Predicting and Analyzing Air Quality Using Machine Learning
1 Dr. J.B Shajilin Loret, 2 T.Danamaliga
1 Professor, 2 Student
Department of Information Technology,
Francis Xavier Engineering College, Tirunelveli, India
1 shaji.jb20@gmail.com , 2 danamaligat.ug.21.it@francisxavier.ac.in
Abstract: Air pollution is a major environmental issue that has a direct effect on our health and the ecosystem. Being able to accurately predict and analyze air quality is crucial for taking the right steps to reduce its harmful impacts. This study aims to create a machine learning-based system that predicts and analyzes the air quality index (AQI) by using pollutant levels and real-time data.
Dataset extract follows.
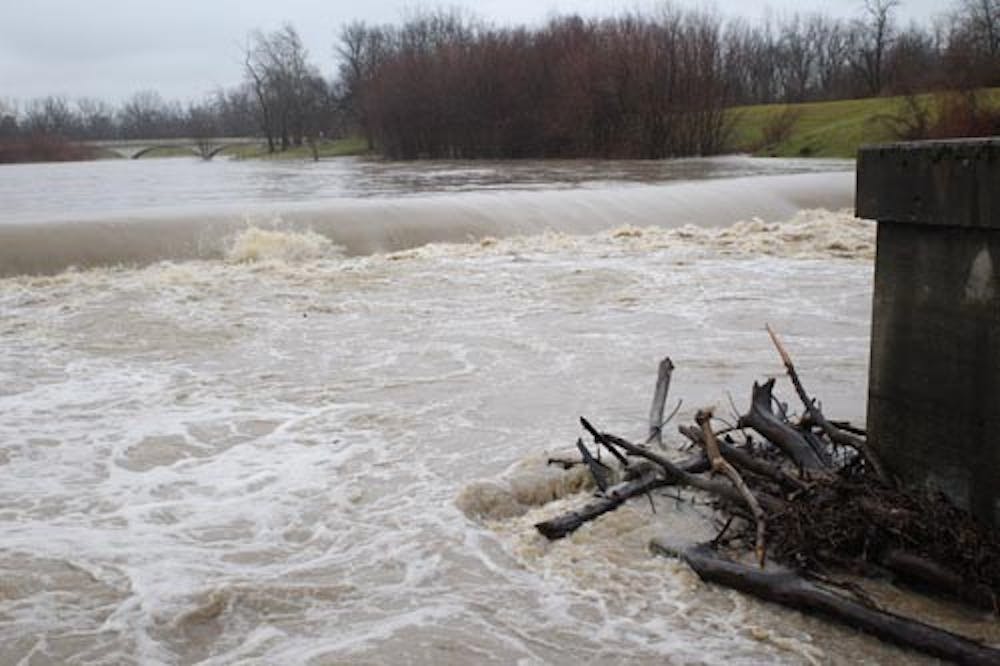 Water flows down the White River near McCulloch Park on Jan. 13. The water reached 9 feet around 4:30 p.m. Sunday afternoon. The river is experiencing minor flooding, according to the National Weather Service. DN PHOTO TAYLOR IRBY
The system is built around three main features: (1) AQI prediction based on pollutant levels, where users can enter concentrations of PM2.5, PM10, SO2, NO2, CO, and O3 to get AQI values and see classifications like Good, Moderate, or Unhealthy. We tested several machine learning models, including Linear Regression, Decision Tree, XGBoost, and Random Forest, ultimately choosing Random Forest as the top performer because of its impressive accuracy. (2) Real-time AQI prediction through the OpenWeather API, which lets users pick a location and receive live AQI updates, along with classifications and notifications. (3) Future AQI forecasting for the next seven days using Long Short-Term Memory (LSTM) neural networks, where users can input a location to get a week-long prediction and classification of air quality trends. This system offers valuable insights into pollution levels, helping both individuals and authorities make informed decisions. By combining traditional machine learning algorithms with deep learning techniques and real-time data collection, this research presents a thorough approach to monitoring air quality, ensuring accuracy and timely alerts for better environmental management.
Keywords - Air Quality Prediction, AQI Forecasting, Environmental Safety, Machine Learning, Pollution Monitoring, Random Forest.